Collected data entries:
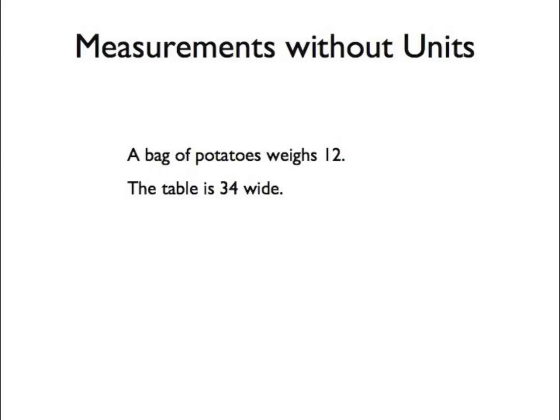If you say a table is 34 wide, do you mean it is 34 centimeters wide or 34 inches wide?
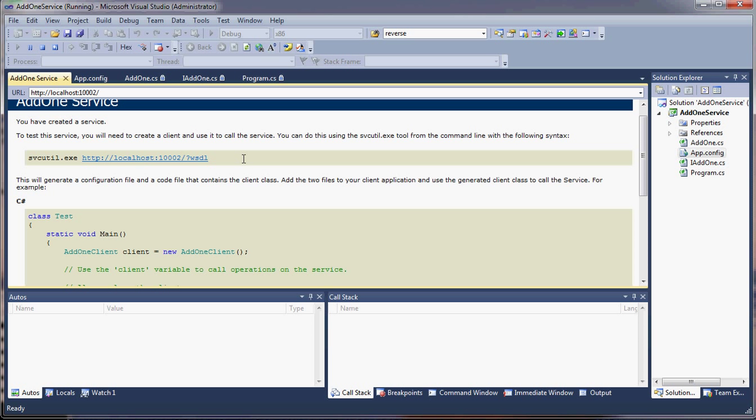And in my next video, we'll set up the client and make it work. Thank you.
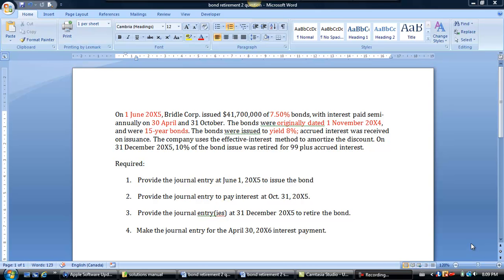Hi folks and welcome to this session on bond retirement. We're going to look at bond retirement, and I've also added a piece that's going to make you prepare a journal entry after some of the bonds have been retired for the remaining bonds and make an interest payment. So this question is a little bit different — it is similar to one we did in class, but I thought I would add this in for something a little bit different on the video. Let's begin and look at the problem.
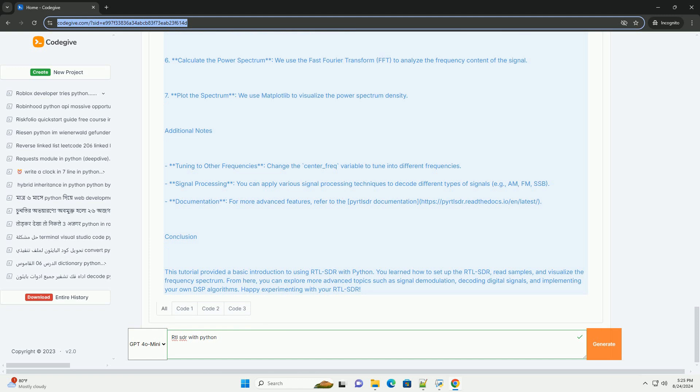Additional notes: Tuning to other frequencies - change the center frequency variable to tune into different frequencies. Signal processing - you can apply various signal processing techniques to decode different types of signals, example AM, FM, SSB. Documentation - for more advanced features, refer to the PYRTLSDR documentation at https://pyrtlsdr.readthedocs.io/en/latest.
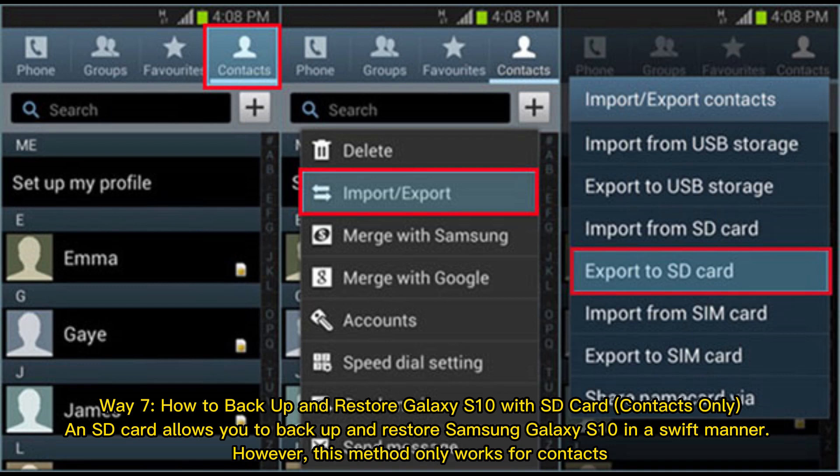Way 7: How to Backup and Restore Galaxy S10 with SD Card. An SD card allows you to backup and restore Samsung Galaxy S10 in a swift manner. However, this method only works for contacts.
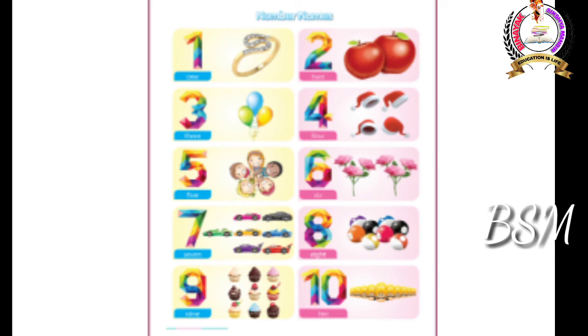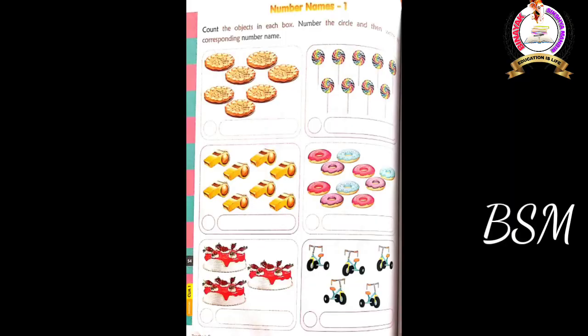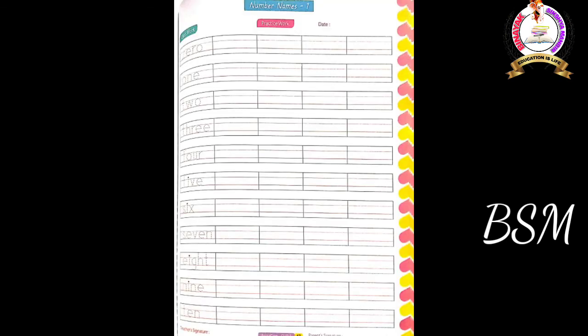Students, I hope you all have understood the topic. Homework: complete the activity given in page number fifty-four of the activity book, then practice book page number forty-seven. Thank you.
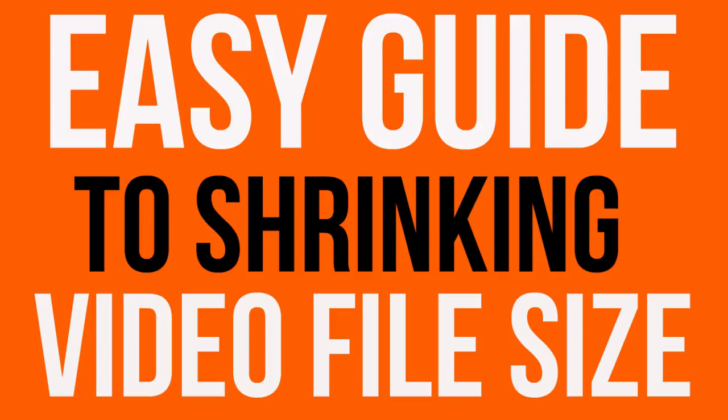In this week's video tip I'm going to show you how to reduce the file size of your video files, especially ones you're uploading to YouTube.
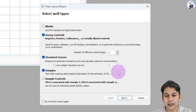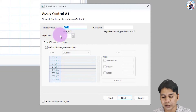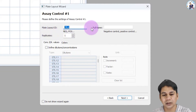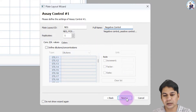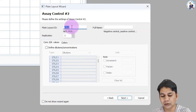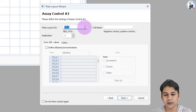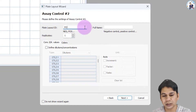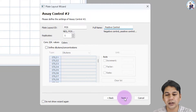Define the plate layout ID for the controls. My first control is negative; here you can put the full name. Define the next ID for the control — this is for the positive control. I am selecting the full name. Click on Next, then go to the standard setup.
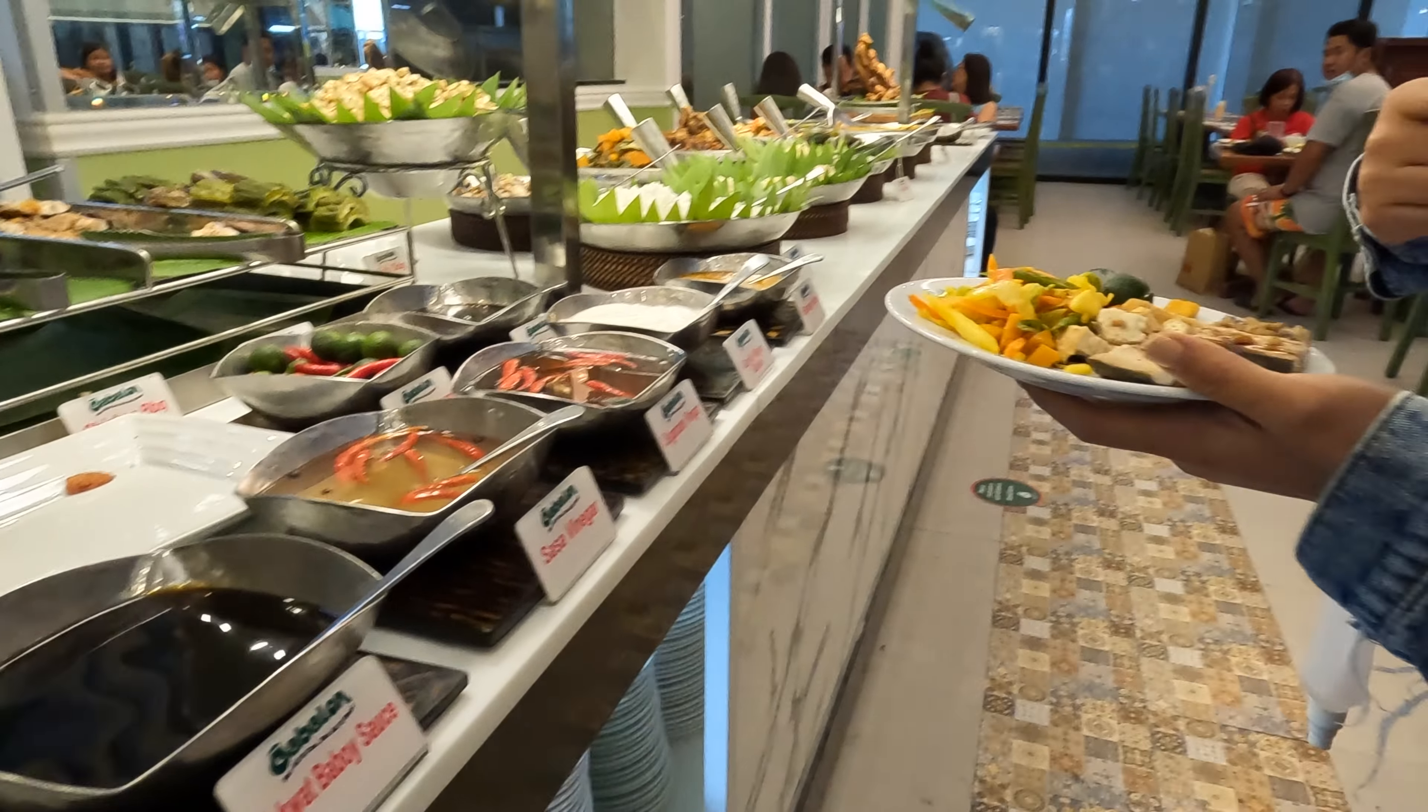So if any of you guys are planning to come here, come here with an empty stomach. So we're just gonna eat.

> [TASK BRIEF] Copy nothing but the lines above that run from the one with "Additional notes: Tuning" to the one with "Way 7: How to", ends included; pictures stay out.

> [EXERCISE RESPONSE]
Additional notes: Tuning to other frequencies - change the center frequency variable to tune into different frequencies. Signal processing - you can apply various signal processing techniques to decode different types of signals, example AM, FM, SSB. Documentation - for more advanced features, refer to the PYRTLSDR documentation at https://pyrtlsdr.readthedocs.io/en/latest.
Way 7: How to Backup and Restore Galaxy S10 with SD Card. An SD card allows you to backup and restore Samsung Galaxy S10 in a swift manner. However, this method only works for contacts.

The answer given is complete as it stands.